Task directions:
The expected result is a word-for-word copy of the entries, minus any pictures.

|---|

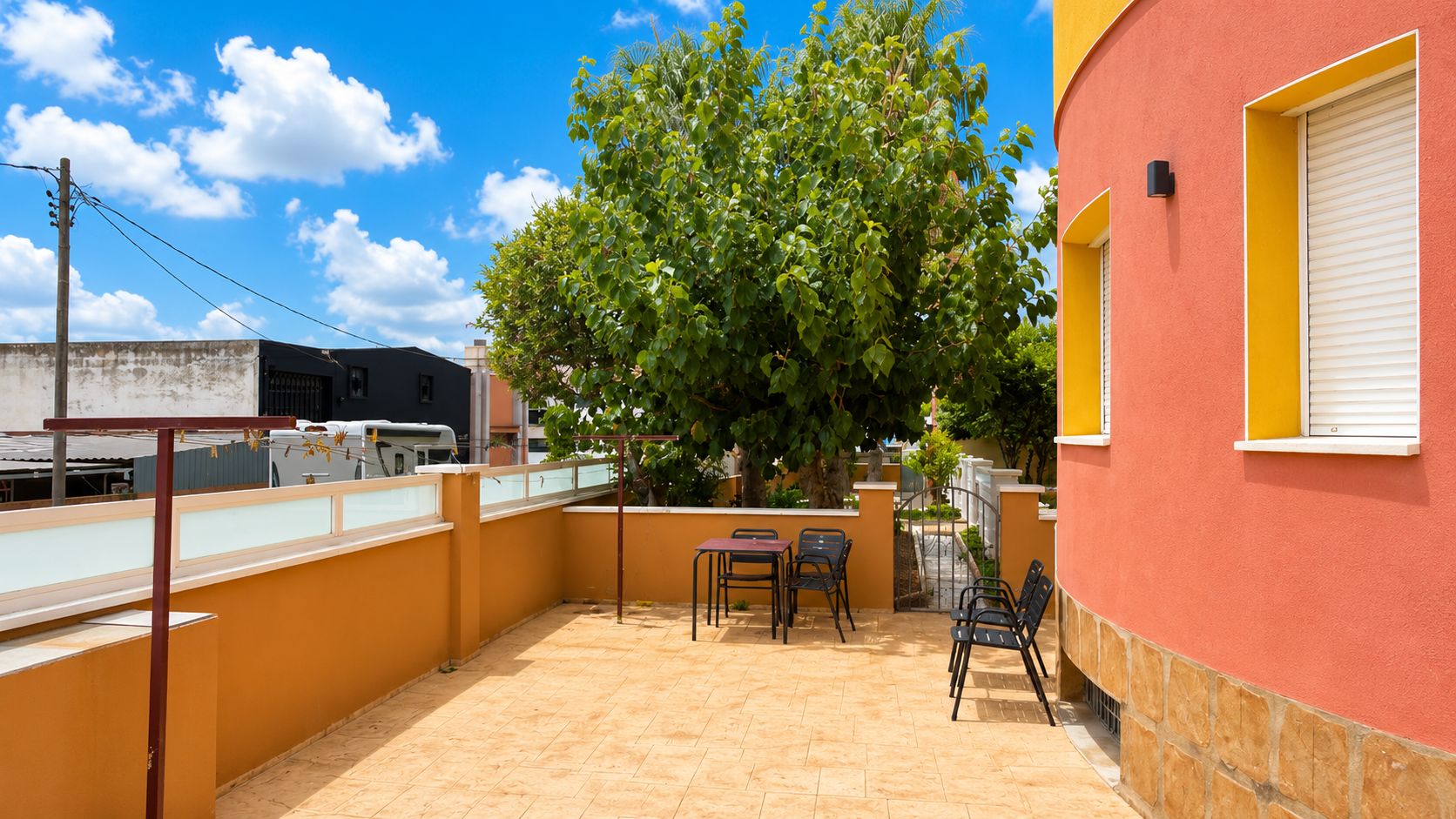 ++ Casa adosada en venta en Miami Platja – Mont-roig del Camp, Tarragona ++ - Image 6
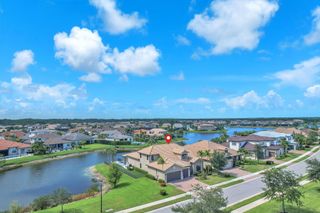 507 Sonoma Isles Circle, Jupiter, FL 33478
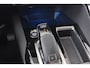 Peugeot 3008 1.2T 131 PK Aut. Allure+ Half-Leder Camera Dodehoek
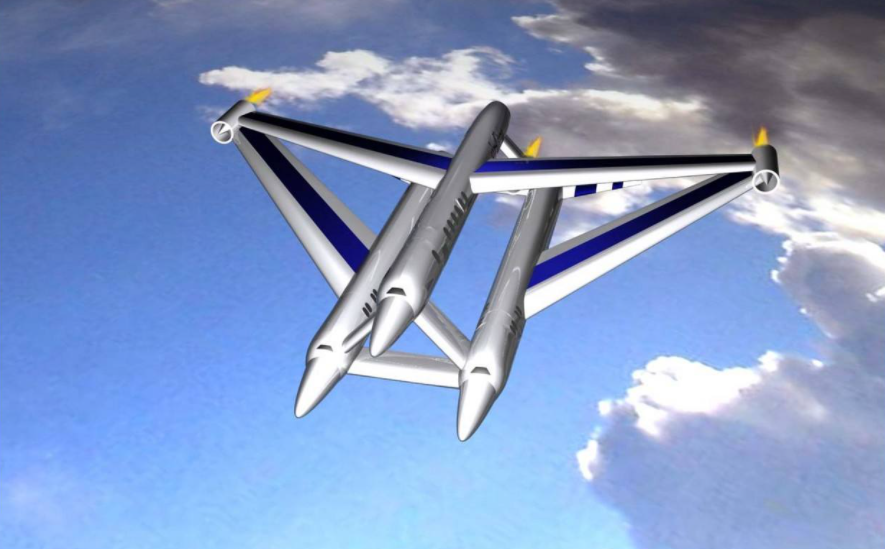 �����ĺ��켼�������ˣ��ǹ�������������Ǹ�ɶ���й���չ�����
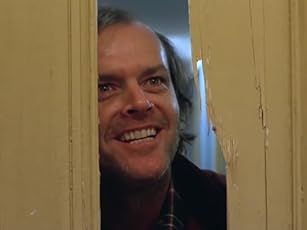 Viene de noche (2017)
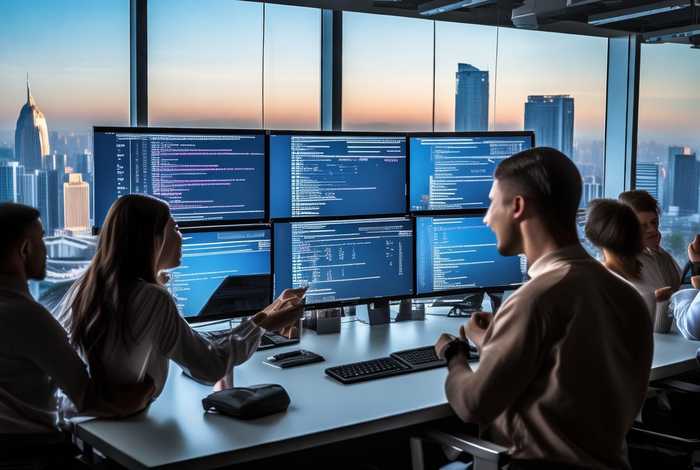 泰安东平网站开发定制公司 - 泰安东平网站开发定制公司有哪些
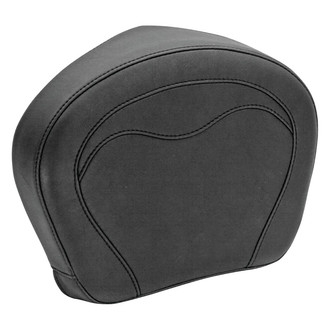 Mustang® - Magnum Sissy Bar Pad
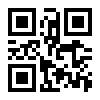 isna.ir/xdNCQB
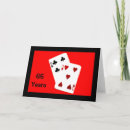 Search for for 65th wedding anniversary cards 65 years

|---|

Your solution:
 ++ Casa adosada en venta en Miami Platja – Mont-roig del Camp, Tarragona ++ - Image 6
 507 Sonoma Isles Circle, Jupiter, FL 33478
 Peugeot 3008 1.2T 131 PK Aut. Allure+ Half-Leder Camera Dodehoek
 �����ĺ��켼�������ˣ��ǹ�������������Ǹ�ɶ���й���չ�����
 Viene de noche (2017)
 泰安东平网站开发定制公司 - 泰安东平网站开发定制公司有哪些
 Mustang® - Magnum Sissy Bar Pad
 isna.ir/xdNCQB
 Search for for 65th wedding anniversary cards 65 years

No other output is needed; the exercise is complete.